→ Data for this task:

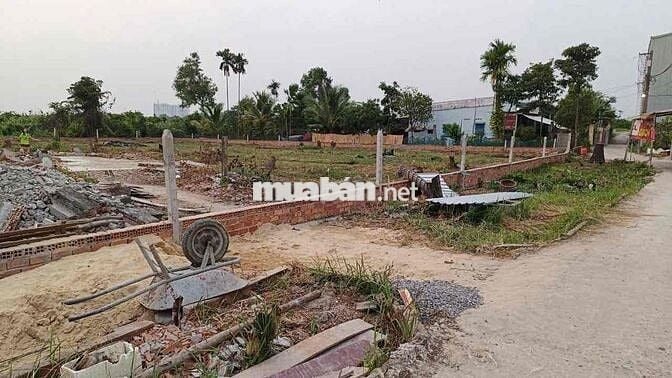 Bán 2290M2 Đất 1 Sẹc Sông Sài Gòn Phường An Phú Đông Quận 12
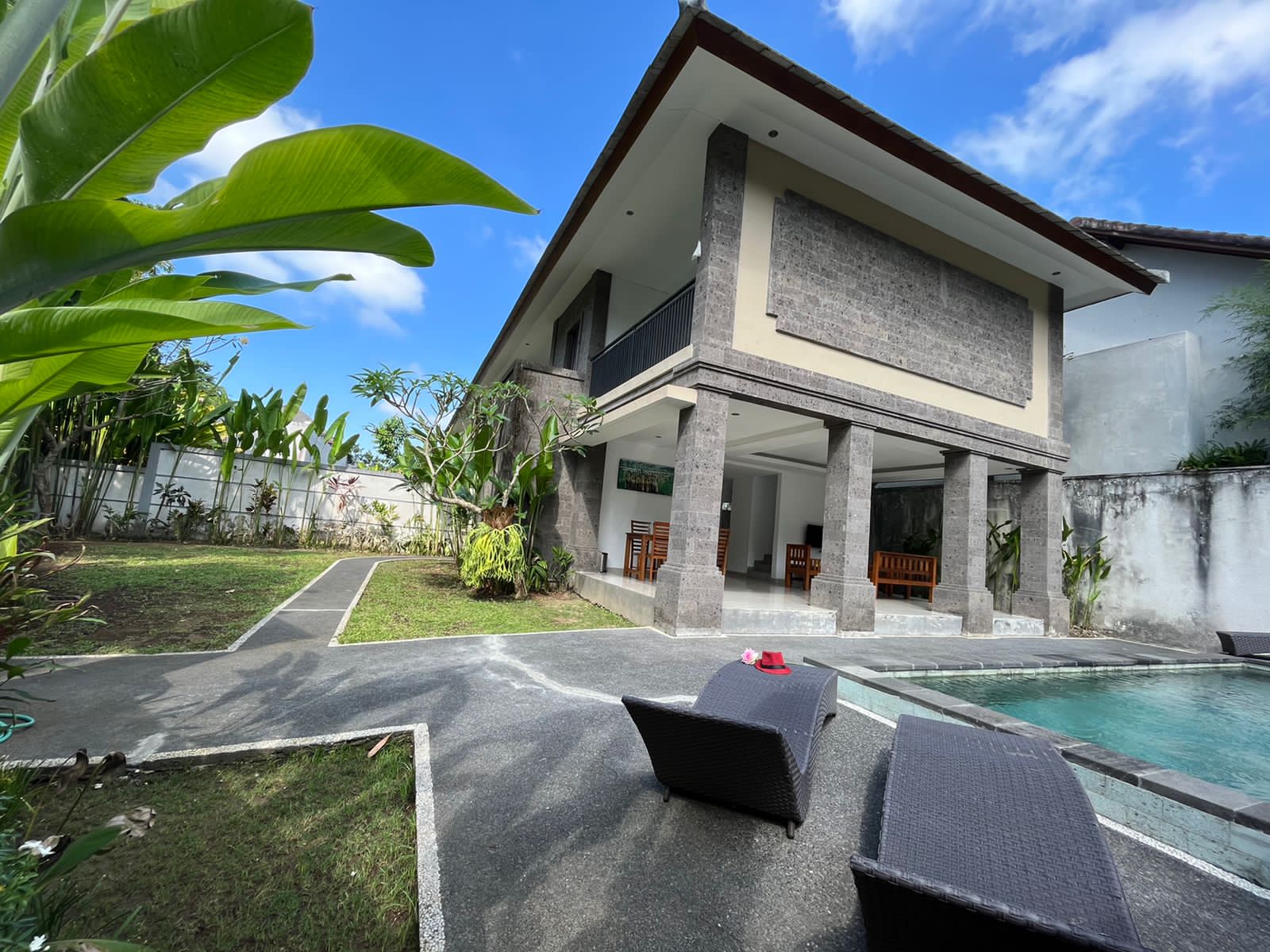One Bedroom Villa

* * *

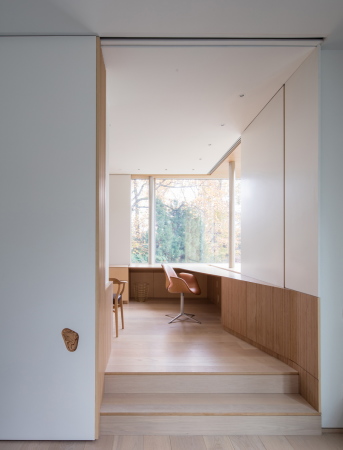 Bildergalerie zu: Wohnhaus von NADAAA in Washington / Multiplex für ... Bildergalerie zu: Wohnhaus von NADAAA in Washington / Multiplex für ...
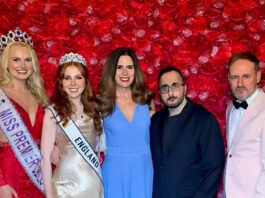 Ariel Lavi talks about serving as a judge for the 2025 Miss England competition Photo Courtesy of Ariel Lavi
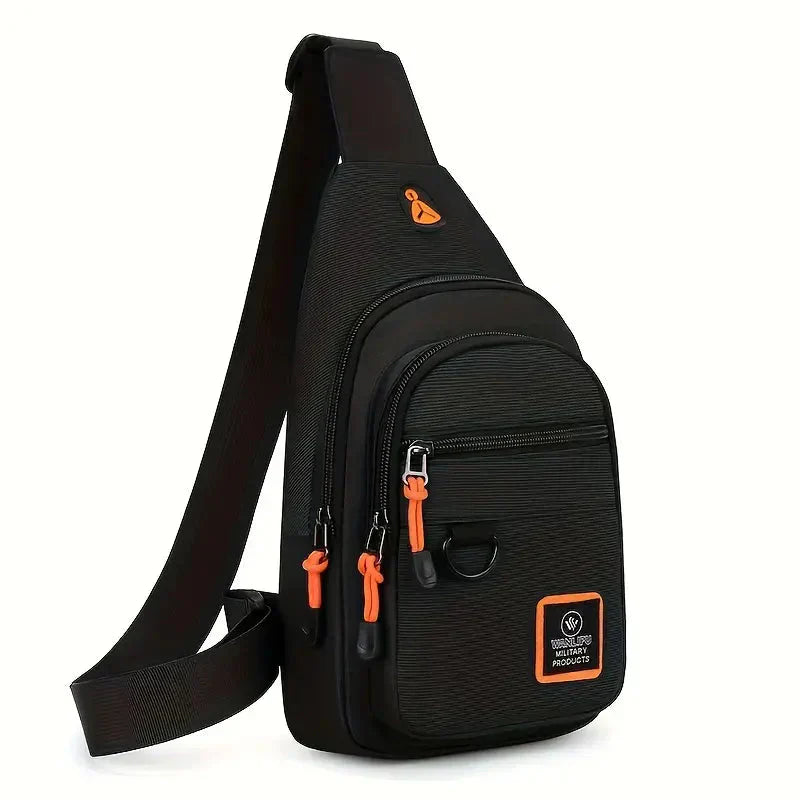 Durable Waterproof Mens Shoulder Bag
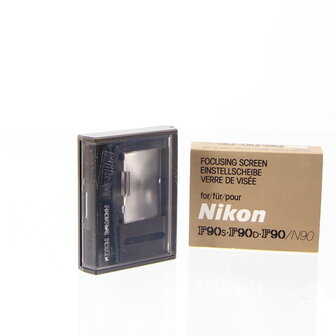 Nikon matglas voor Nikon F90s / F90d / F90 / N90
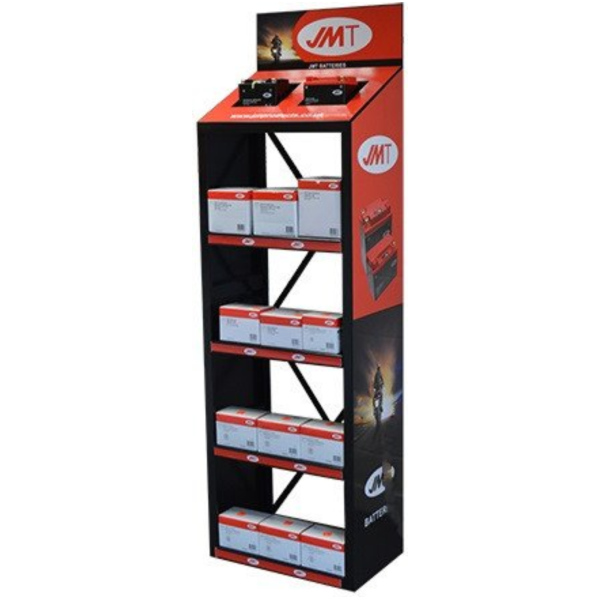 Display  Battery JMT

---

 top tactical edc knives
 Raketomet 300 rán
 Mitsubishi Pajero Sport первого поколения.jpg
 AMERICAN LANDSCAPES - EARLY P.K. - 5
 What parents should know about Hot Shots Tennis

→ Task directions: Within the material above, only the stretch from the line holding "Bán 2290M2 Đất" through the line holding "One Bedroom Villa" is to be restated exactly. Pictures are dropped.

→ Task output:
 Bán 2290M2 Đất 1 Sẹc Sông Sài Gòn Phường An Phú Đông Quận 12
One Bedroom Villa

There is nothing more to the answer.